# 2011 tail lights on a 2004 Phaeton?



## cowboy_ (May 16, 2011)

Will this ones fit on a 2004 Phaeton? I asked the seller and he says yes, but I'm not so sure about it (the backup light is on both lights, the outer and the inner light and on my car is only on the inner light so not so sure how will that work out of the box...)

http://www.ebay.de/itm/VW-Phaeton-3...its=Make:VW|Model:Phaeton&hash=item565763e576


----------



## PowerDubs (Jul 22, 2001)

Yes, they will physically fit, but as far as function?
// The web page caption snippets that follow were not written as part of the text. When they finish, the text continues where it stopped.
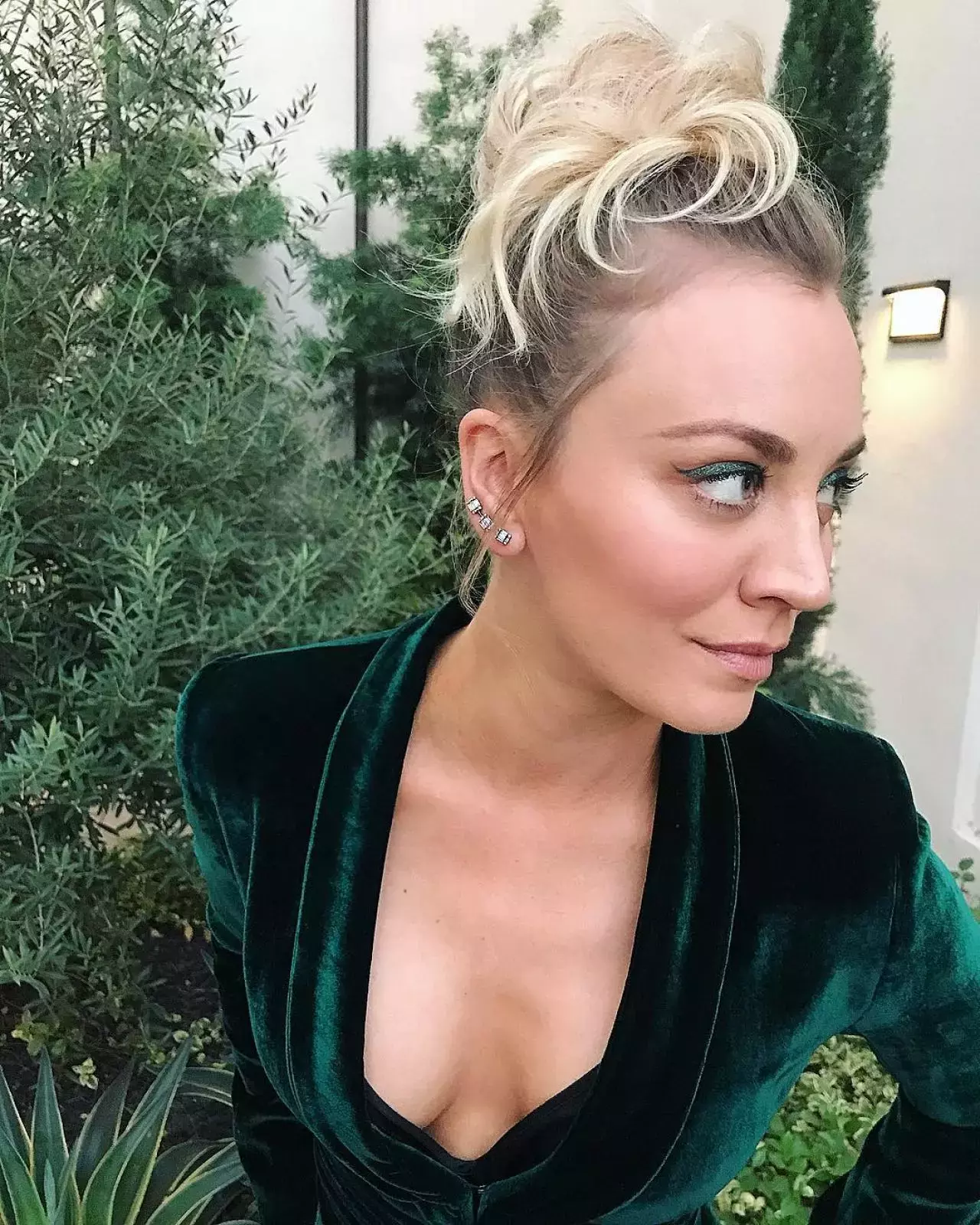 Kaley Cuoco Personal Pics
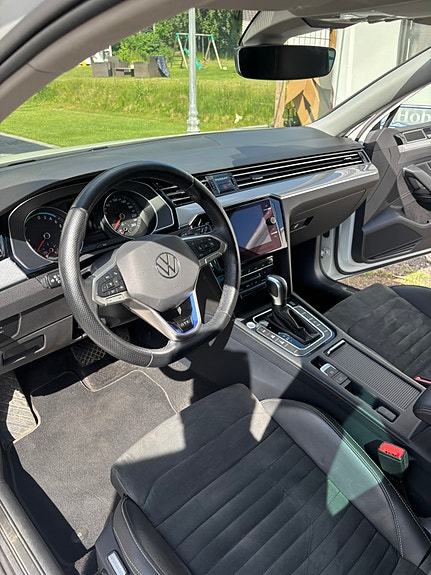 Volkswagen Passat 5 of 5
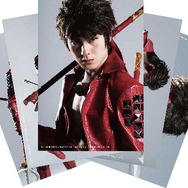 舞台「戦国BASARA vs Devil May Cry」衣装写真が公開！グッズラインナップも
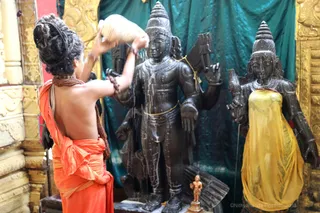 http://nithyananda.org/sites/default/files/photo-gallery/2018-11Nov-12-nithyananda-diary_bengaluru-aadheenam_uttamotama-seva_7T9A0859.JPG
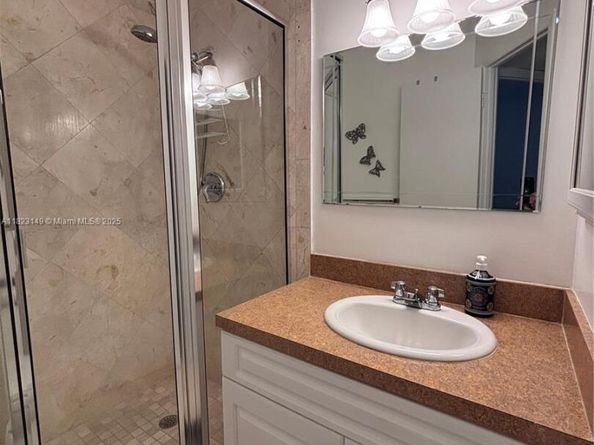 4331 NW 16th St D304, Lauderhill FL 33313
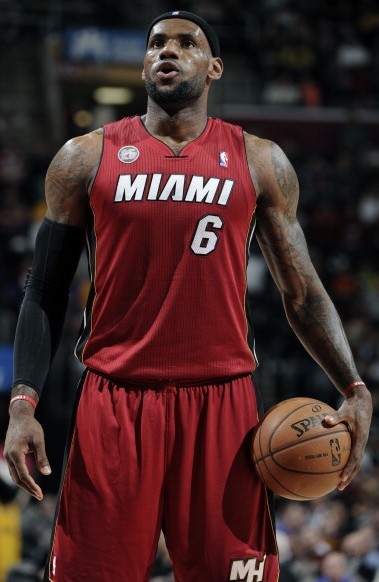 国脚庆祝破门动作刷屏社交媒体（国脚破门庆祝动作火遍社交平台）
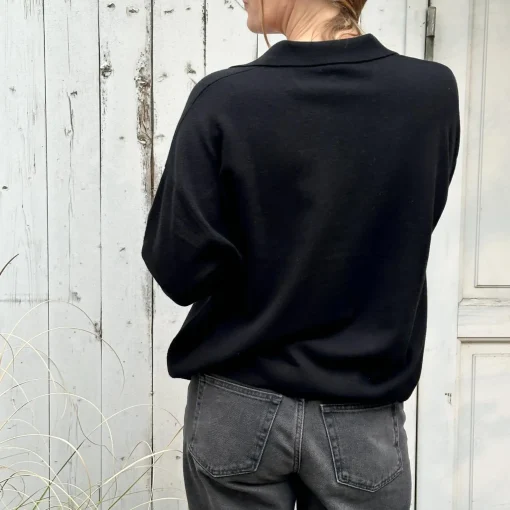Vibeke V Neck - Velvet Black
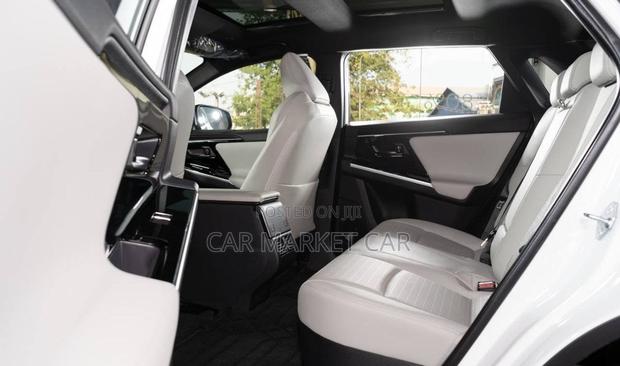 Toyota bZ4X 71.4 kWh FWD 2023 White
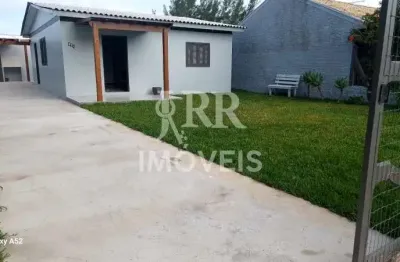 Imóvel de alvenaria, mobiliado, três dormitórios sendo um suíte, localizado em imbé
Unknown.

I've been looking for a set of those for a long time to try out.. but the price on that set is $$$$. He has had them listed for a loooong time.

Taking the exchange rate and shipping into account, you are pushing upwards of a $2,000 gamble.

There was a set last summer that sold for $650 (used). I still couldn't bring myself to gamble on them.


----------



## cowboy_ (May 16, 2011)

That's great news!

I have been playing with CAN messages for a while now and I think that even if they don't work electronically wise I can receive the message that is supposed to be turning on the different lights and translate that message to a valid message for this lights.

I was kind of concerned that they won't fit on the space and the bolts used on the current lights won't allow this new set of lights to fit in correctly.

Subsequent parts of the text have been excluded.